(RECORDS FOR PROCESSING)

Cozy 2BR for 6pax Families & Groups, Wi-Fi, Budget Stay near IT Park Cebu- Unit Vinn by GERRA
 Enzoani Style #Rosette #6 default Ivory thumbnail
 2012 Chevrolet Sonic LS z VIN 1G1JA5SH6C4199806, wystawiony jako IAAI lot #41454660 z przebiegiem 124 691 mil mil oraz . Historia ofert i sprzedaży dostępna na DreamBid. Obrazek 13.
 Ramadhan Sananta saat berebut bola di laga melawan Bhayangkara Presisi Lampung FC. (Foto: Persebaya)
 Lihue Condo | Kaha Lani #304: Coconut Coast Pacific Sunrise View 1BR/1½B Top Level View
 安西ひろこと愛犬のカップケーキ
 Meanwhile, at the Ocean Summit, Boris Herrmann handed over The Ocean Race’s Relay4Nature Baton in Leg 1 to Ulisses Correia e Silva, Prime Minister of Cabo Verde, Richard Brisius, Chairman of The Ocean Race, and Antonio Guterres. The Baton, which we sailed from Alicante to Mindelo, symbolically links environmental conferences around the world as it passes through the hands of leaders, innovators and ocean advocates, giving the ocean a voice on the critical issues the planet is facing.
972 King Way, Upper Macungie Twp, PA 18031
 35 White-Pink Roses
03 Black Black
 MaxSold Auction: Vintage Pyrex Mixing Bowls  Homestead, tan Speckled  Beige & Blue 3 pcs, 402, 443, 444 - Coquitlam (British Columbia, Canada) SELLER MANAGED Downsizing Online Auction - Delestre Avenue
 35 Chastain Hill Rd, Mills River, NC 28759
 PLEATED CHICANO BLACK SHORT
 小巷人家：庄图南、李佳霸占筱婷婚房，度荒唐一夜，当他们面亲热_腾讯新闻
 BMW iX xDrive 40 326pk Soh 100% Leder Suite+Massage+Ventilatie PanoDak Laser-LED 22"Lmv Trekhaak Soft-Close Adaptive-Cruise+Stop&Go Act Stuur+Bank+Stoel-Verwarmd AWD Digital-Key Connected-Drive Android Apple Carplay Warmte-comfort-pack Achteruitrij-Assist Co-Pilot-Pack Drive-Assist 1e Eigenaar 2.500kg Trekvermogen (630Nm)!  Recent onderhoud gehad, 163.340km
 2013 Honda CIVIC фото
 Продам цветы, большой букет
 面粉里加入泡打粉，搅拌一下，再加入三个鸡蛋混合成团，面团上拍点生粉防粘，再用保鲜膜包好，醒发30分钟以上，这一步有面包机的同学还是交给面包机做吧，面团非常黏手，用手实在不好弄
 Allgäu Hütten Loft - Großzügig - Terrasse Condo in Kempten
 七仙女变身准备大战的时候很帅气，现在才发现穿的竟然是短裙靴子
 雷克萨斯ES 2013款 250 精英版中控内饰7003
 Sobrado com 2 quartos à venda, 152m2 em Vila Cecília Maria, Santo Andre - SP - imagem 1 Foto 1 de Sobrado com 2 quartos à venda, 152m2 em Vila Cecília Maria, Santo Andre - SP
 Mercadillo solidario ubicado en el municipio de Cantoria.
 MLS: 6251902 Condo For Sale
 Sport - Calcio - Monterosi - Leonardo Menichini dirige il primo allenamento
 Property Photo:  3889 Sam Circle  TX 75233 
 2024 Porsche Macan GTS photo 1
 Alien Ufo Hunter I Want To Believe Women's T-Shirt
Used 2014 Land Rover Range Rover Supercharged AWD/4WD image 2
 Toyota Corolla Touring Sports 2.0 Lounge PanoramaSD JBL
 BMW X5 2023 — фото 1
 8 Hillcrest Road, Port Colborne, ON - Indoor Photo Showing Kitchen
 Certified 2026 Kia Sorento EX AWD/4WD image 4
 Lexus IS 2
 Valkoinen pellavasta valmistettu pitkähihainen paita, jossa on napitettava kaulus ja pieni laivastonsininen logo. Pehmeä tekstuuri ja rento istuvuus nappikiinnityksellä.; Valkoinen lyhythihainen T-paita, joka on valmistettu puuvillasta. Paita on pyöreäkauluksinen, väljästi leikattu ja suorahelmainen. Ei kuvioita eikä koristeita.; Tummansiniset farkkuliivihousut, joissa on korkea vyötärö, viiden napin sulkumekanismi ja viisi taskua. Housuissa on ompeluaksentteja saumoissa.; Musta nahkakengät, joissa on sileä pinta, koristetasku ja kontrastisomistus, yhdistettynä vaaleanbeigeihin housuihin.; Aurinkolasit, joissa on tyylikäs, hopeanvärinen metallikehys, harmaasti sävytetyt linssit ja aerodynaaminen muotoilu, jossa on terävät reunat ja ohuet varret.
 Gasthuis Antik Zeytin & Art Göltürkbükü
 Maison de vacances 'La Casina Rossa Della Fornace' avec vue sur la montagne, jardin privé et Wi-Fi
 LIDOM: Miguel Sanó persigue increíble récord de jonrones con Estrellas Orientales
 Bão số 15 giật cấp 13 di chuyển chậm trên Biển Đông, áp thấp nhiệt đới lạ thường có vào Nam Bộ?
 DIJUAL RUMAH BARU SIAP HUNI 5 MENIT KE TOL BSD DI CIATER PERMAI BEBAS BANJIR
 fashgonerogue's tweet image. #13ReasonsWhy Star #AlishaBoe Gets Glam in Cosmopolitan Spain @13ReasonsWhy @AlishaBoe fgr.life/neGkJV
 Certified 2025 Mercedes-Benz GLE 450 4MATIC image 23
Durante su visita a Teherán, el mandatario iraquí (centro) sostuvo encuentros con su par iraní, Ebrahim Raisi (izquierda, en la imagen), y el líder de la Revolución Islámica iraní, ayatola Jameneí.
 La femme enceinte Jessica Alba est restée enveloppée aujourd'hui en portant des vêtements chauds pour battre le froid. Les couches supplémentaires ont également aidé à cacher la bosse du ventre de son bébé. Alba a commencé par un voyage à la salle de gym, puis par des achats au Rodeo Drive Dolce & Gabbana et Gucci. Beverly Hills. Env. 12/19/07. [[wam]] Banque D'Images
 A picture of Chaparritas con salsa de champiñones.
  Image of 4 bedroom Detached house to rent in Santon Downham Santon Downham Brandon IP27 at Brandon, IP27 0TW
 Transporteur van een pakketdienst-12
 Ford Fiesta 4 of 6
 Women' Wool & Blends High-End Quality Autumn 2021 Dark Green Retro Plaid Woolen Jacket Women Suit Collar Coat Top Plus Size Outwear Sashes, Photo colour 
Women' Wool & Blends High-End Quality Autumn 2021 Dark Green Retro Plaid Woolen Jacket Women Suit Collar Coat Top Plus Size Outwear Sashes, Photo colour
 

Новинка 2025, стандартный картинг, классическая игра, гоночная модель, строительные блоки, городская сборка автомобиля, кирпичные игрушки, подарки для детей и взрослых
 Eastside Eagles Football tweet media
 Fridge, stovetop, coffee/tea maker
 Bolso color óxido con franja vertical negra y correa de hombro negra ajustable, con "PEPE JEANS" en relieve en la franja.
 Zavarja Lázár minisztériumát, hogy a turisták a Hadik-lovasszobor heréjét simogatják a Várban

(End RECORDS FOR PROCESSING)

### ASSIGNMENT
Print exactly the lines above, between the one holding "972 King Way, Upper Macungie Twp, PA 18031" and the one holding "3889 Sam Circle", inclusive, and nothing besides.

### SOLUTION
972 King Way, Upper Macungie Twp, PA 18031
 35 White-Pink Roses
03 Black Black
 MaxSold Auction: Vintage Pyrex Mixing Bowls  Homestead, tan Speckled  Beige & Blue 3 pcs, 402, 443, 444 - Coquitlam (British Columbia, Canada) SELLER MANAGED Downsizing Online Auction - Delestre Avenue
 35 Chastain Hill Rd, Mills River, NC 28759
 PLEATED CHICANO BLACK SHORT
 小巷人家：庄图南、李佳霸占筱婷婚房，度荒唐一夜，当他们面亲热_腾讯新闻
 BMW iX xDrive 40 326pk Soh 100% Leder Suite+Massage+Ventilatie PanoDak Laser-LED 22"Lmv Trekhaak Soft-Close Adaptive-Cruise+Stop&Go Act Stuur+Bank+Stoel-Verwarmd AWD Digital-Key Connected-Drive Android Apple Carplay Warmte-comfort-pack Achteruitrij-Assist Co-Pilot-Pack Drive-Assist 1e Eigenaar 2.500kg Trekvermogen (630Nm)!  Recent onderhoud gehad, 163.340km
 2013 Honda CIVIC фото
 Продам цветы, большой букет
 面粉里加入泡打粉，搅拌一下，再加入三个鸡蛋混合成团，面团上拍点生粉防粘，再用保鲜膜包好，醒发30分钟以上，这一步有面包机的同学还是交给面包机做吧，面团非常黏手，用手实在不好弄
 Allgäu Hütten Loft - Großzügig - Terrasse Condo in Kempten
 七仙女变身准备大战的时候很帅气，现在才发现穿的竟然是短裙靴子
 雷克萨斯ES 2013款 250 精英版中控内饰7003
 Sobrado com 2 quartos à venda, 152m2 em Vila Cecília Maria, Santo Andre - SP - imagem 1 Foto 1 de Sobrado com 2 quartos à venda, 152m2 em Vila Cecília Maria, Santo Andre - SP
 Mercadillo solidario ubicado en el municipio de Cantoria.
 MLS: 6251902 Condo For Sale
 Sport - Calcio - Monterosi - Leonardo Menichini dirige il primo allenamento
 Property Photo:  3889 Sam Circle  TX 75233 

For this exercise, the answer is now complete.